To, że firmy czasem próbują uzyskać coś metodami politycznymi zamiast rynkowymi to oczywiście prawda. Ekonomiści, nawet ci prorynkowi, ostro to krytykują i podają różne rozwiązania tego problemu. Natomiast jeśli chodzi o sam dumping i politykę antymonopolową to polecam książkę "Antitrust - a case for repeal" Armentano. Chyba nawet jest tam opisany również przykład Microsoftu.
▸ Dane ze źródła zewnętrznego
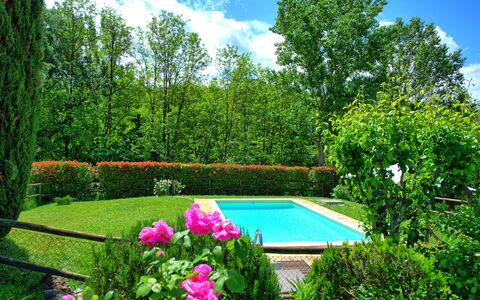 Casa Ovile: Blomst, Vand, Plante, Himmel, Sky, Grøn, Naturlige Landskab, Botanik, Træ, Vegetationen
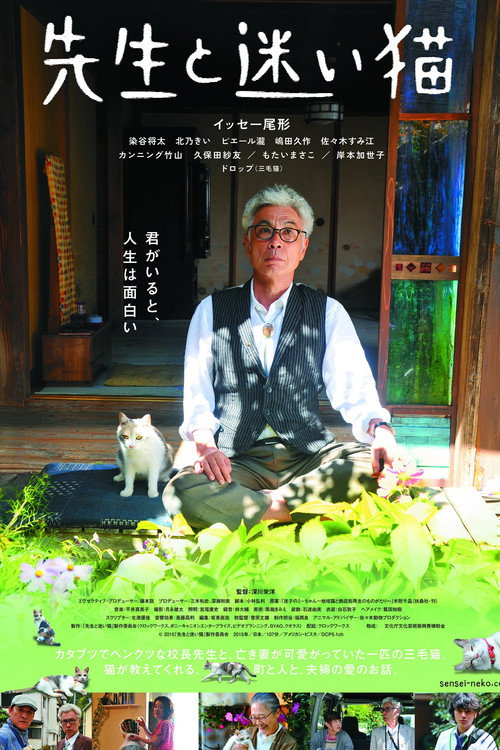 先生と迷い猫 постер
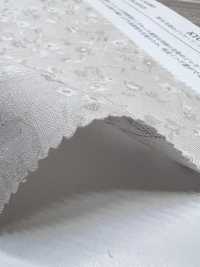 KYC545-1 Cotone 40 Jacquard Tinto In Filo[Tessile / Tessuto] Uni Textile(Komon Studio) Foto secondaria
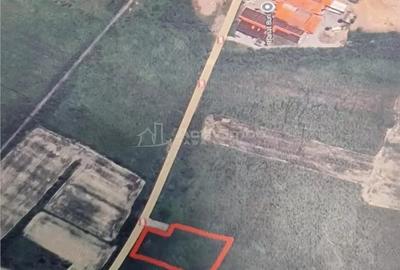 Teren de 1500 mp, în Sud - 1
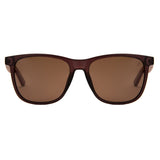 Gafas de sol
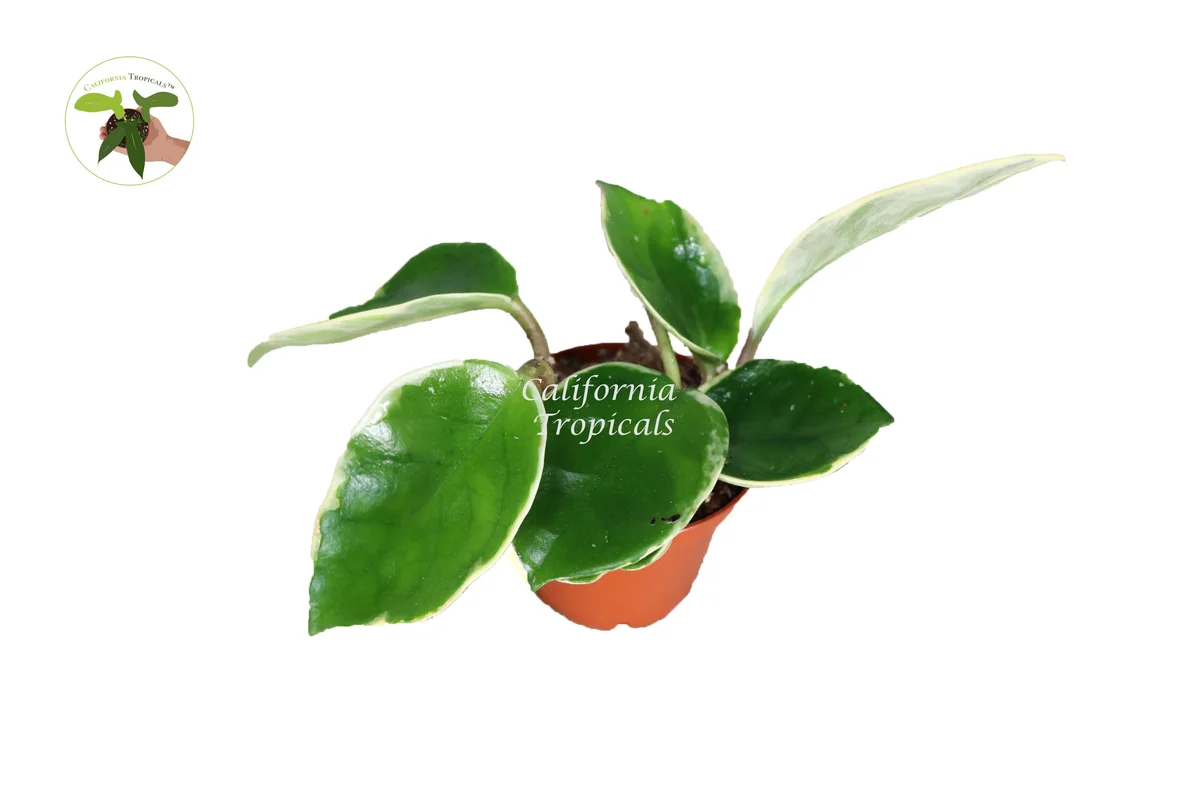 Rare Hoya Tricolor Live Plant – 2.5 inch Pot – Indoor Houseplant - Image 1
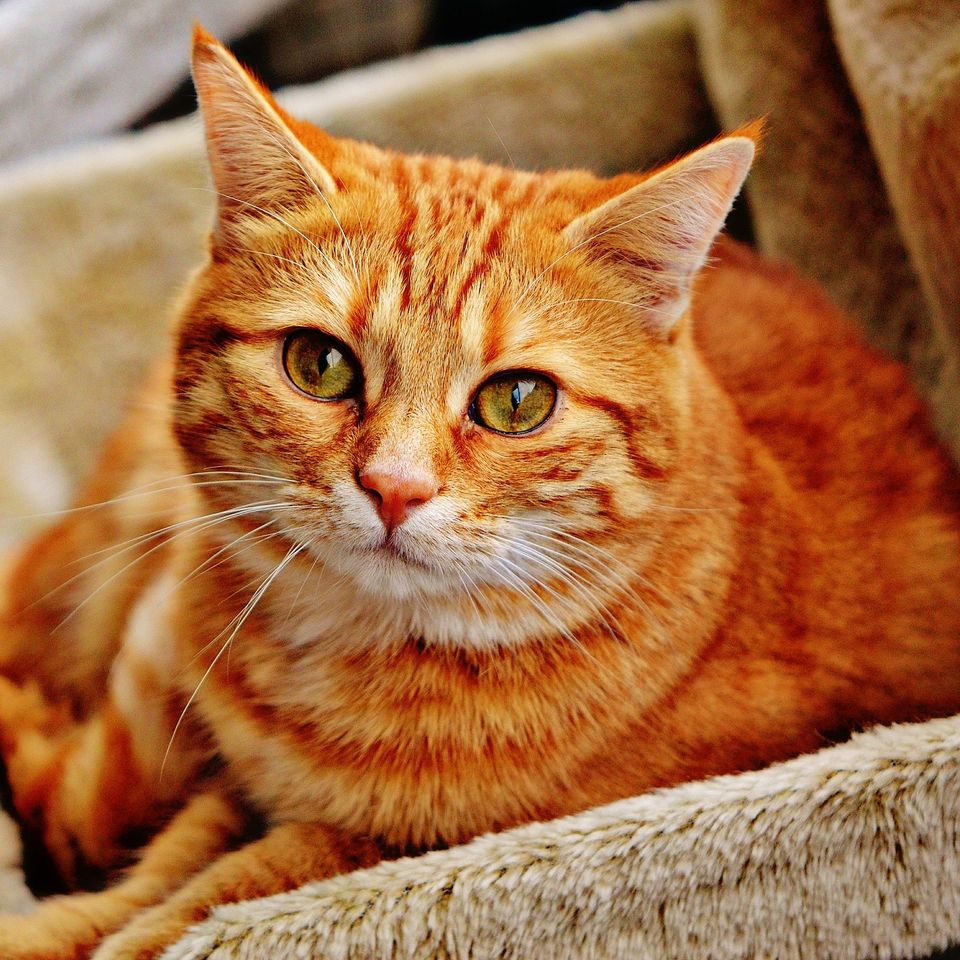 Cat g3d4a6e927 1920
Jest chyba znacznie więcej szczegółów 😅 wszystko zależy od rodzaju działalności, inne poziomy ryzyka, ale na krótki film to chyba spoko i krótka uwaga. Ta osoba na działalności co zarabia 3200 zapewne nie wlicza sobie wakacji, które zazwyczaj dla takiej osoby są dużym kosztem (czas w którym nie zarobi, opłaty dalej muszą być realizowane) i te 3 tysiące złotych to w rozliczeniu rocznym pewnie jest bardziej korzystne mając umowę o pracę (lepsza emerytura niż na prowadzeniu działalności), spokój po pracy (mniej godzin) czas wakacji opłacony i bez strat, chorobowe i inne 😊
Jak to jest, że (przykładowa sytuacja) jest dwóch programistów: jeden w Polsce, drugi w Holandii, z identycznymi umiejętnościami, z identycznym laptopem i pracujący dla tego samego amerykańskiego klienta, a jednak Holender zarobi 2 razy więcej od Polaka?